Given the history of industrial development in Detroit, you might ask why it is not now and never has been a major banking center. General Motors was, for some time, the nation’s largest corporation and Ford and Chrysler were not far behind. There are several reasons for Detroit’s modest role as a financial center. Apparently Detroit banks, in the early years of the vehicle industry, were skeptical about investing in the auto industry. Henry Ford took a very dim view of most bankers. Detroit lost the competition in 1913 to become a Federal Reserve city, ending up with a branch of the Chicago Federal Reserve Bank. When Alfred Sloan took over General Motors from Wil Durant, I believe he used financing from New York, not Detroit, banks. It was New York bankers who handled the sale of Dodge after the sudden and unexpected deaths of the Dodge Brothers and when Walter P. Chrysler founded his huge vehicle company in the late 1920s by amalgamating such firms as Dodge, Maxwell, and Chalmers; I believe that he also obtained funding from east coast banks. Comerica was the largest national bank to recently have its headquarters in downtown Detroit. In 2009, they began the migration of their headquarters to Dallas.

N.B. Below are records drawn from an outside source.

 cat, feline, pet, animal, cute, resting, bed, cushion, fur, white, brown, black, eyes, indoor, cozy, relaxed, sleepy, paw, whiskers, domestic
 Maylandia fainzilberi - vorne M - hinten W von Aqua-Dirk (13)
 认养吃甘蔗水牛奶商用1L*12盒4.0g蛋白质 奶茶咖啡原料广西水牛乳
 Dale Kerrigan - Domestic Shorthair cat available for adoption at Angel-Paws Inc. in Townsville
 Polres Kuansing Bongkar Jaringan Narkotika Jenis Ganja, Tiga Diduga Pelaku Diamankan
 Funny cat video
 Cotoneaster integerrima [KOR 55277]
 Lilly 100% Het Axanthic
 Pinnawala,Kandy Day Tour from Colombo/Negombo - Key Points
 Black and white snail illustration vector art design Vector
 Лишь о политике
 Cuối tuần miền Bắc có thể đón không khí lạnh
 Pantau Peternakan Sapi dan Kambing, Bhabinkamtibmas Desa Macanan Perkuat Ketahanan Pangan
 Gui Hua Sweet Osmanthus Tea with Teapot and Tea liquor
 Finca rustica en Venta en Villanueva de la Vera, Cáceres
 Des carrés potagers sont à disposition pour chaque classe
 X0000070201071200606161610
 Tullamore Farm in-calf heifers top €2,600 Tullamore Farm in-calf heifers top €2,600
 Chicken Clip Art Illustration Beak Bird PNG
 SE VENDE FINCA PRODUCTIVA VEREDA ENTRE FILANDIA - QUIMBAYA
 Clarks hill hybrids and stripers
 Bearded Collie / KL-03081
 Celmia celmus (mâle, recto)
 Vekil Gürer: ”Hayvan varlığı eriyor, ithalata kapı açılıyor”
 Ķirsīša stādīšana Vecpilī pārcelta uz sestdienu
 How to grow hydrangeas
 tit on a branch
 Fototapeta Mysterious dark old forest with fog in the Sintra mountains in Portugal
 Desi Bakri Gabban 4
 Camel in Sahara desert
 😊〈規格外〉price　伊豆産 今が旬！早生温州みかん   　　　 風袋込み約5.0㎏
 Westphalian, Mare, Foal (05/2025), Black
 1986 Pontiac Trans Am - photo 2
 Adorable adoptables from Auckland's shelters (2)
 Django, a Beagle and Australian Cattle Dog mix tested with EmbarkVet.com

Dan Gilbert, the chief officer of the Quicken Loans firm, began buying or taking options on office buildings in downtown Detroit in 2009. Presumably, he will continue to shift employees from Quicken Loans suburban offices to downtown Detroit. This seems likely to be a major stimulus for the economic revitalization of Detroit’s traditional financial district. In 2011, he obtained an option for Albert Kahn’s First National Bank Building as well as for the Chase Tower. In addition, by late 2011, he either owned or had taken options on the office building at 1500 Woodward, on the former Lane Bryant Building at 1520 Woodward, the former Arts League Building at 1528 Woodward, the Daniel Burnham designed Dime Building at 719 Griswold, the Madison Theater Building on Grand Circus Park and, perhaps, the two buildings on West Fort that once served as the Detroit branch of the Federal Reserve Bank of Chicago
Architects: Albert Kahn Associates
Date of Construction: 1959
Use in 2011: Office building
City of Detroit Designated Historic District: Not listed
State of Michigan Registry of Historic Sites: Not listed
National Register of Historic Places: This building is contiguous to the Detroit Financial Historic District that was listed on December 14, 2009. However, I believe that it was not included within that district since it did not meet the age requirement for a building: 50 years of age.